**Exercise directions:** Ignoring every picture, transcribe the data in full as it stands.

*** Opening of Data supplied ***

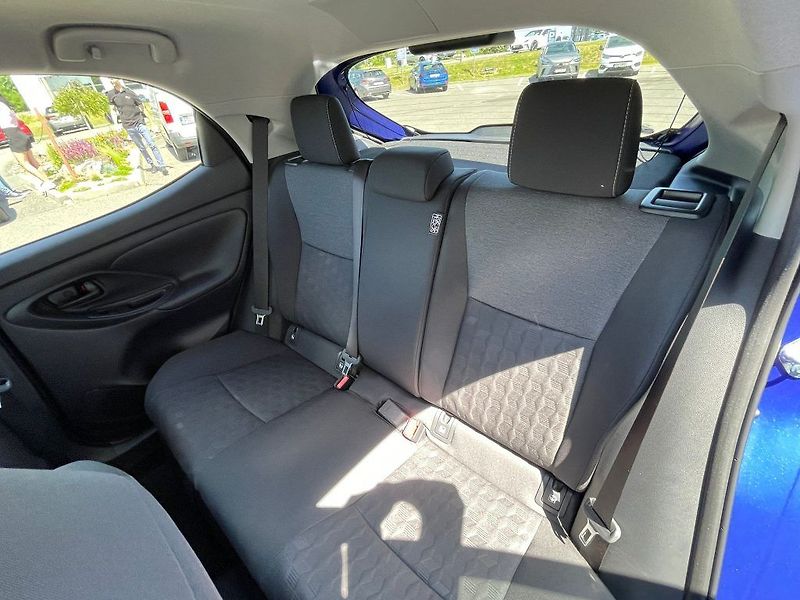 Toyota Yaris NG1.5 HEV 116k Style - fotka 9 z 26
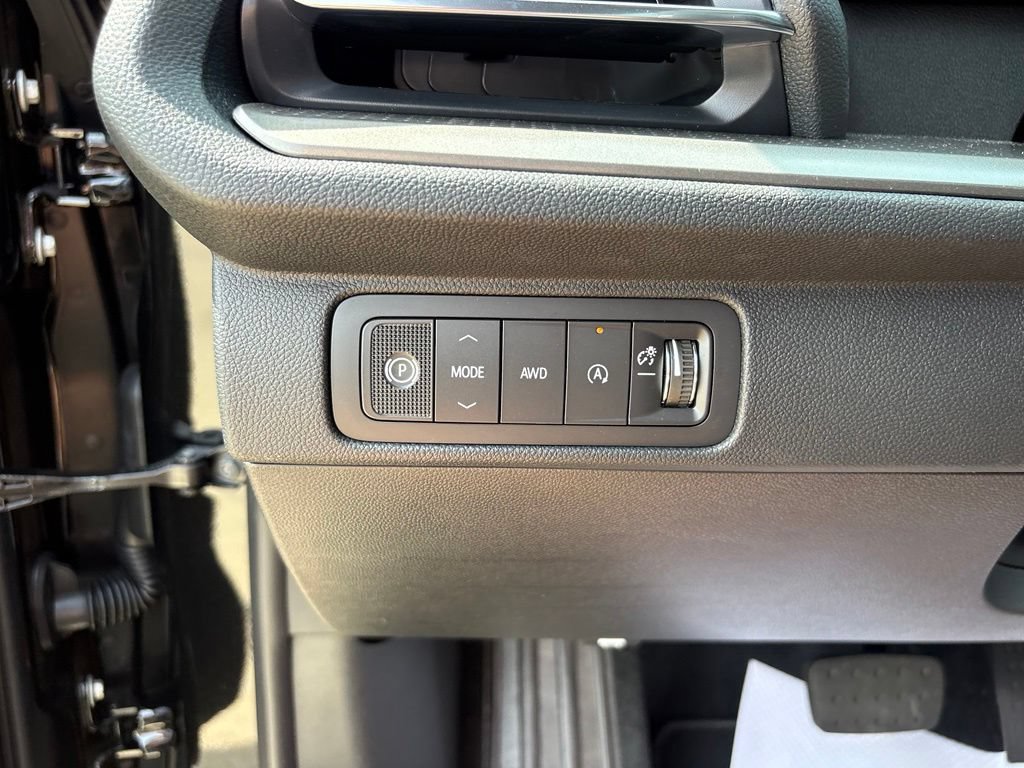 New 2027 Chevrolet Traverse LT w/ Sun and Wheel Package AWD/4WD image 18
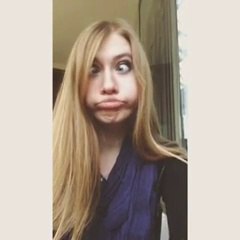 Girl Make Funny Acts on Live Phone Call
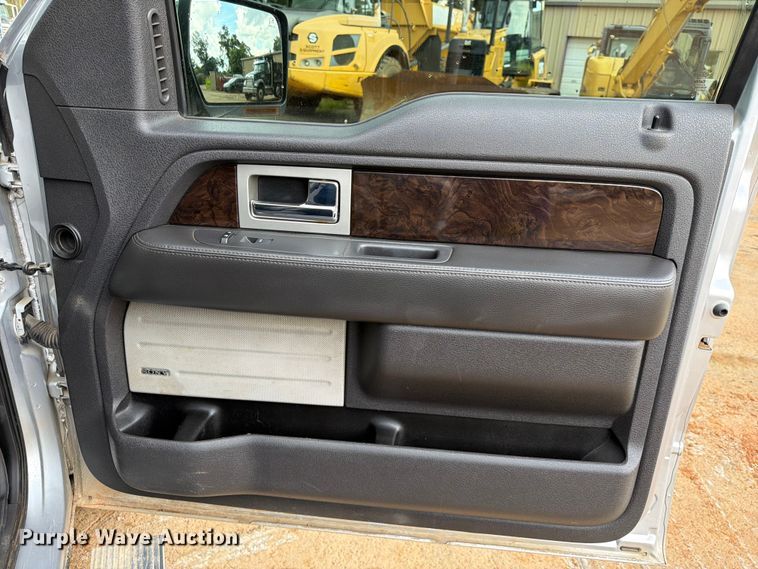 image for item EX2572 2013 Ford F150 Crew Cab pickup truck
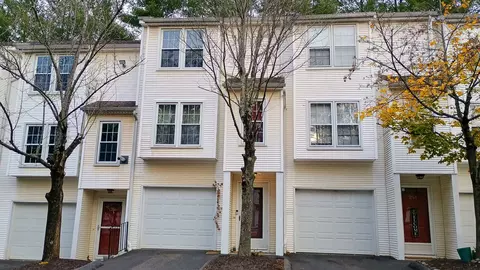 380 Hitchcock Rd #255, Waterbury, CT 06705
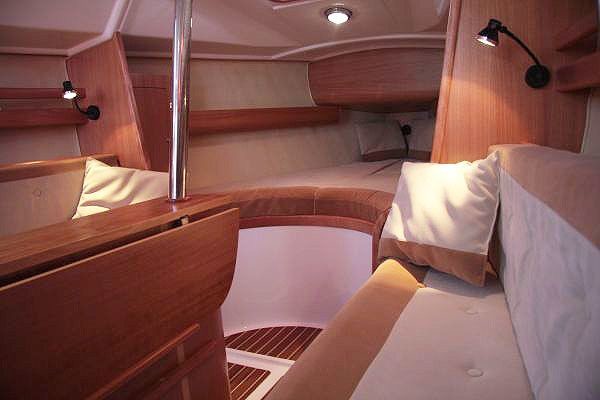 Northman Maxus 28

*** Close of Data supplied ***

**Output for this exercise:**
 Toyota Yaris NG1.5 HEV 116k Style - fotka 9 z 26
 New 2027 Chevrolet Traverse LT w/ Sun and Wheel Package AWD/4WD image 18
 Girl Make Funny Acts on Live Phone Call
 image for item EX2572 2013 Ford F150 Crew Cab pickup truck
 380 Hitchcock Rd #255, Waterbury, CT 06705
 Northman Maxus 28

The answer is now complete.